As you were making the project, what’s the feeling after? Is it like relief, is it shock?

It all depends on the song I think. There’s some songs that feel like, “Yeah, I’m glad I’ve gotten that out of my system.” There’s some songs that I’ll write, and then I’ll go and perform it, and I’ll realize, I haven’t actually dealt with it because it feels like a wound that I’m opening up.

And then, well at least for this album anyway, I’m just going to stop when I have no more to talk about. I didn’t want to just talk about things for the sake of talking. I’ve been doing this my whole life, and I only have 24 years worth of experience. So, in my head it’s like, “What can I talk about that people have not heard me say before?” Or, “Where can I take it musically that people have not heard me go?”

I didn’t even know you did photography.

Neither did I.

[Laughs] When did that desire for photography happen?
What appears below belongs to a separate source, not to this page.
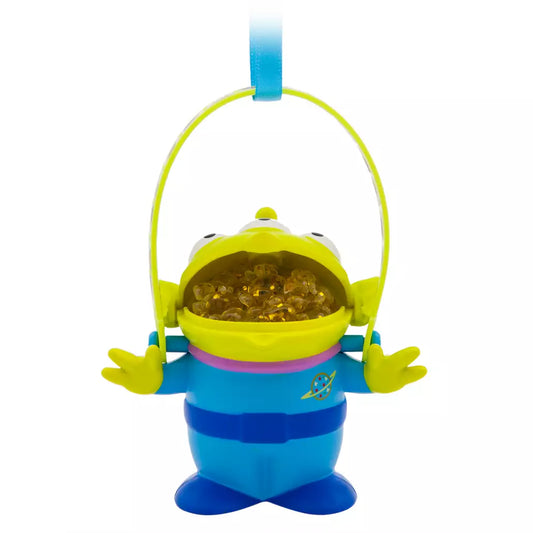 “Pre-order” HKDL - Toy Story Alien Light-Up Popcorn Bucket Ornament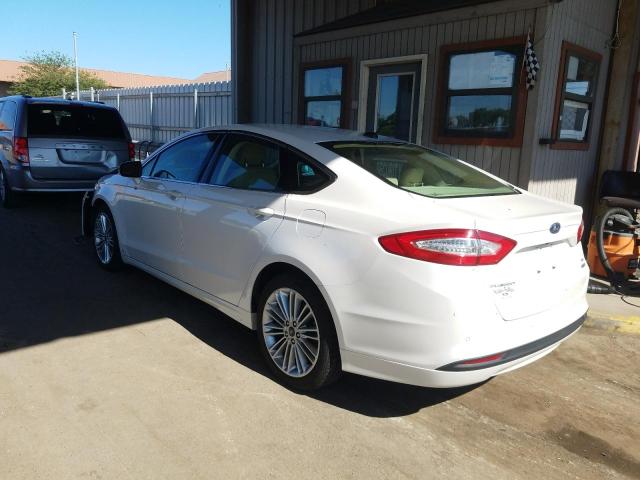 Photo 3 from auction – 2014 FORD FUSION SE with VIN 3FA6P0HD4ER275476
There was a point in my life where I felt like I’m always being captured. Whether it’s on stage, or whether it’s just in passing and you get people that are wanting to take photos. I travel so much for work, and I go home and I don’t actually remember things because it just goes. So I think it was initially, I picked up the camera to document, almost like it’s just like writing a diary.

Yeah, I see

And then as I continued to do it, I started to develop more of a love for it and just started to look at things with a different eye. I guess the more you do something, you get more invested into it. And in going into this album, I just made the decision to shoot all the single artwork for it. I didn’t know like how it would turn out, or if it was going to be any good, but I felt like I wanted to try it.

Luckily enough, I had good people to help support and help facilitate that in bringing my ideas to life. Because I just had these ideas, even with “Offence,” I thought it needs to be a group of young girls of color in army gear screaming. That’s literally all I had in my head, and I managed to bring that to life. It was like cool to just take myself out of a particular comfort zone of just making one type of art, which is music, and try something new.

Do you feel a different type of satisfaction or power with photography?

Yeah, I feel like there is no pressure. Sometimes when I make music I feel, not now, but I did feel like a bit under pressure because there are so many eyes on me waiting to hear what I have to say, what I’m going to do next. It was just a bit overwhelming. With photography, it was more so, I don’t even care, I just like taking pictures. And this is like, no one ever has to see it, and I quite like that.

You were co-signed by Kendrick Lamar early on in your career and that can be a double-edged sword because now you’re expected to be the next “star.” Was that a blessing or a curse for you?

I think that first hand, if anything, just gave me more fire in my belly to want to do more and be better. It was like, “No, you actually got eyes on you now.” And you actually like need to … not even let them down, but not let yourself down.